Wednesday, December 8, 2010

Auntie X and Auntie Y


Every time I sit in on a discussion of my novel, I learn something new. Last night I attended the meeting of a local book group, and it was no exception. This was a group of perhaps ten women who have been meeting monthly for over ten years. I was invited because one member emailed me while she was reading the novel. She grew up in Detroit, in all the same neighborhoods and schools and synagogues that inhabit my book, and she was moved to contact me. One thing led to another, and there I was in another warm living room with people who have rich, interlocking relationships with each other, who love to read books, and who take the time and trouble to gather to discuss them. It's enough to give one hope for the world.
     The discussion ranged widely around social issues and urban issues and "white flight" and migration patterns in Chicago, New Haven, and other parts of the country. The book group members discussed Harry and Ruth and Curtis and Alvin, asked questions about my process and my background, and shared stories of their own. Then, one woman mentioned the Chanukah party that takes place in the chapter called "Family." In particular, what she focused on were the latkes--the "good" latkes and the "bad" latkes.
     In the picture above, you see what I think of as good latkes. One sign of a good latke is that the batter was grated by hand (not in a food processor or from a mix). How can I tell that this batter was hand grated? The well-defined potato shards. This is essential to a good, crisp latke. The latkes in the above photo are also golden, and you can thus be sure that they are very crisp. Now . . .
the soggy (bad) latke. You can see from the way these latkes drape over each other that they are not crisp. And you cannot not see the well-defined potato shards, so these latkes were likely derived from a mix or a food-processed batter. If you are a regular reader of this blog, you know that I try very hard to be tolerant and empathic and understand differences/diversity. But on the point of good versus bad latkes, I am rigid.
     The issue that the woman in the book group raised is that when you are seated at a table with these two plates of latkes, which are you going to eat? Are you going to be polite and eat one of Auntie X's soggy latkes so that hers don't sit untouched? Will you forgo Auntie Y's golden crispy ones just to make Auntie X feel appreciated? Will you forgo Auntie Y's crispy ones and settle for Auntie X's soggy ones so that others can enjoy the superior product (the martyr approach)? How will it look if the crispy pile disappears in a minute, and the soggy pile remains all evening? Perhaps more important, how will Auntie X feel about Auntie Y (perhaps they are sisters) as a result of this latke affair, and vice versa? There is always the possibility, of course, that some will prefer the soggy latke, that they don't see them as "soggy" at all but pleasantly accessible.

6 comments:

rasirds@cox.net said...

It blew my mind looking at "my mother"s" dishtowel in the lower image. The red striped were for Milk and the blue for Meat ( I wouldn't attempt to spell those words in Yiddish) with matching Kosher soap. You really got to me. I hadn't thought about them for years.

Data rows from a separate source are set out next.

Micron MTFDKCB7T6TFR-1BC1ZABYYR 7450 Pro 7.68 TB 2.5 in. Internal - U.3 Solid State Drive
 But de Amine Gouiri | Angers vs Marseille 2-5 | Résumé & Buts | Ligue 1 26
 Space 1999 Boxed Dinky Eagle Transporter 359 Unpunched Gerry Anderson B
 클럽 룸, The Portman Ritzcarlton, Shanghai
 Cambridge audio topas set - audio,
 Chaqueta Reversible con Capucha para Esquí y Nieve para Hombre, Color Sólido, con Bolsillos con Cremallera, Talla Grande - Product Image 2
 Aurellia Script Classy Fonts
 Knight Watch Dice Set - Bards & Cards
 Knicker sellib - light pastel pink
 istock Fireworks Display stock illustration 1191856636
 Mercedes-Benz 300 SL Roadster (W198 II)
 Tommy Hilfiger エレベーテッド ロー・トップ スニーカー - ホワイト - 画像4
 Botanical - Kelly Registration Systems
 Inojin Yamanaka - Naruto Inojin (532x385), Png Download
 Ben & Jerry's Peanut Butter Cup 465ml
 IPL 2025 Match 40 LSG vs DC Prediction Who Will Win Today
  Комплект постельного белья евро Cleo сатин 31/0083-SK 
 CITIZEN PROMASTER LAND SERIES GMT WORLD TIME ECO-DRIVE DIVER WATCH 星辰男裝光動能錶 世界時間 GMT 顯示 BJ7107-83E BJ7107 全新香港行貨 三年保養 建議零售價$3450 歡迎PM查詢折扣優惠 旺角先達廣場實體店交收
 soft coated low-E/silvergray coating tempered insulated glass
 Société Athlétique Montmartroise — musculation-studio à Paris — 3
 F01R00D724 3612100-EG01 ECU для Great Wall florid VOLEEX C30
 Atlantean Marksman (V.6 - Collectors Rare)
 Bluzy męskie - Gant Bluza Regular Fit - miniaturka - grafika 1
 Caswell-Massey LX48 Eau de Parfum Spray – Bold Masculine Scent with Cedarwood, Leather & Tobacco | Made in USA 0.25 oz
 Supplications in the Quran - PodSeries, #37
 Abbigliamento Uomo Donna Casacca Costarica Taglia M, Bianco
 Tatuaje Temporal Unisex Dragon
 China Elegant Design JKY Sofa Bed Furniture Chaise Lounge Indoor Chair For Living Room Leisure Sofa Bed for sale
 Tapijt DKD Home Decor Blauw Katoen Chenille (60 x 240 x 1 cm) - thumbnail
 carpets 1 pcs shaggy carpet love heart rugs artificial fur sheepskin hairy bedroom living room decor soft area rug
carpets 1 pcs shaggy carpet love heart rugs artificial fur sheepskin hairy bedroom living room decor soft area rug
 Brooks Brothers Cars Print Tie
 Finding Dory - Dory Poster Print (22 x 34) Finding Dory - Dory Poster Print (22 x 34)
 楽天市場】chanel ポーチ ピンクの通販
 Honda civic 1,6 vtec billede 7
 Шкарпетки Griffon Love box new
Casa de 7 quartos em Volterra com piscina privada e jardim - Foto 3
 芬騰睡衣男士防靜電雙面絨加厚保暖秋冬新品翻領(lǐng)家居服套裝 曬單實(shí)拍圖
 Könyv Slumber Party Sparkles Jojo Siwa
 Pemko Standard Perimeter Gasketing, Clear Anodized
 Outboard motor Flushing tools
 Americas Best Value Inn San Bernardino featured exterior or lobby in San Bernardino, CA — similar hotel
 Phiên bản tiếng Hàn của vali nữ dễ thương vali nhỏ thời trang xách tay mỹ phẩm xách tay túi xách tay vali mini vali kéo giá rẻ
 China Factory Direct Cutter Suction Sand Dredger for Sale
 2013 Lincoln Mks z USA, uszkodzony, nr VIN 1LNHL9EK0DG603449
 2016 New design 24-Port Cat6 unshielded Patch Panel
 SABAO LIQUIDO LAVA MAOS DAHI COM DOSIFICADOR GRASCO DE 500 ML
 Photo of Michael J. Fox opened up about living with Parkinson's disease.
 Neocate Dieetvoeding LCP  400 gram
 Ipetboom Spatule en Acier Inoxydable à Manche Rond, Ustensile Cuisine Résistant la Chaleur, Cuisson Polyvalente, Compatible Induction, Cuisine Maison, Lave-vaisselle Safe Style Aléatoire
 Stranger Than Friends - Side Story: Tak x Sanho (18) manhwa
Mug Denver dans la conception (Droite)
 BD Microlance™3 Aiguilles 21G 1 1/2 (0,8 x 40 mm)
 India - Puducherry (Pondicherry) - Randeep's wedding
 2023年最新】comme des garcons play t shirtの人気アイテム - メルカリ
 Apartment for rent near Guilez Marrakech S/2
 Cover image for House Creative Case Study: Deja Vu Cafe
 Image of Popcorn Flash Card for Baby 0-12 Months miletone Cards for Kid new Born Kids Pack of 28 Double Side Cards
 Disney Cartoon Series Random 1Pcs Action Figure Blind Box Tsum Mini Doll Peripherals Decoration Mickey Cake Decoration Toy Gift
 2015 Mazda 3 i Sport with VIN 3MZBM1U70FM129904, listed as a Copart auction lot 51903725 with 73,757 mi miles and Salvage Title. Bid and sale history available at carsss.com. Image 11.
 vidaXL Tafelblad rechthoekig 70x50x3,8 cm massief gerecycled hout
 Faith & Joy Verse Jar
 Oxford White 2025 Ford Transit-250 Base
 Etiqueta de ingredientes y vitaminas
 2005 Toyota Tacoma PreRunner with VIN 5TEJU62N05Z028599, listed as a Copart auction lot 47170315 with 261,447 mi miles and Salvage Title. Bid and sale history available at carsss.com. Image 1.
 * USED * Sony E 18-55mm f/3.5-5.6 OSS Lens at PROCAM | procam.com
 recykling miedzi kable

Now it's time for some humor.

I'd eat ONE soggy latke first and MANY like those my mother made last, insulting neither X or Y (hopefully) and leaving with a good taste in my mouth.

susan messer said...

So weird. I didn't even notice the dishtowel until you mentioned it. I do remember that soap. My grandmother had it.

Okay, so you'd eat a soggy one. I guess if everyone did that, it might diminish the pile.

Margaret P. said...

We don't make latkes in my family, we make potato pancakes. We do this, occasionally, to please my father who is of German descent. It's not that the rest of us don't like potato pancakes, its just, well, you know...it's a lot of work and all that oil!

But my mother (who never saw a potato pancake before she met my father) likes to tell the story of her first attempt to make them. When she presented them to my father, he complained that she hadn't used a fine enough grate. My mom promptly dumped a pitcher of lemonade over his head and then burst into tears.

I'm thinking I'd eat one of each...

Susan Messer said...

Wow. That's some mother . . .

Marion said...

I haven’t ever been at a Chanukah celebration where they were made by more than one person, so I didnt have that experience. But your description and photos still resonated -- because husband Mark, who mostly does not cook, got the idea a few years ago to make latkes for our yearly celebration with two other couples and their kids, from scratch, and they sure do look like the ones you like, in the top photo. He’s been doing it every year since, joking about how some Jewish blood (his own, from grating) is mixed in with the potatoes.

Meanwhile, we also have a party each year with son Aaron, his wife Pam and their girls and Mark’s brother, mother, etc. This year, his mother being 90 years old, wasn’t up for having it at her house, so it was at ours. I made the latkes from a mix, and they usually still wind up pretty crispy -- BUT, I made the mistake of putting the completed ones in a casserole in a 200 degree oven to stay warm… not too bad, you say -- the mistake, I found, was in putting the cover on the casserole. So this, I found, had the effect of essentially steaming the latkes, and they did wind up being kind of soggy (but they still tasted pretty good).

Susan Messer said...

Oh, Marion. Thanks for this story. I love latke stories.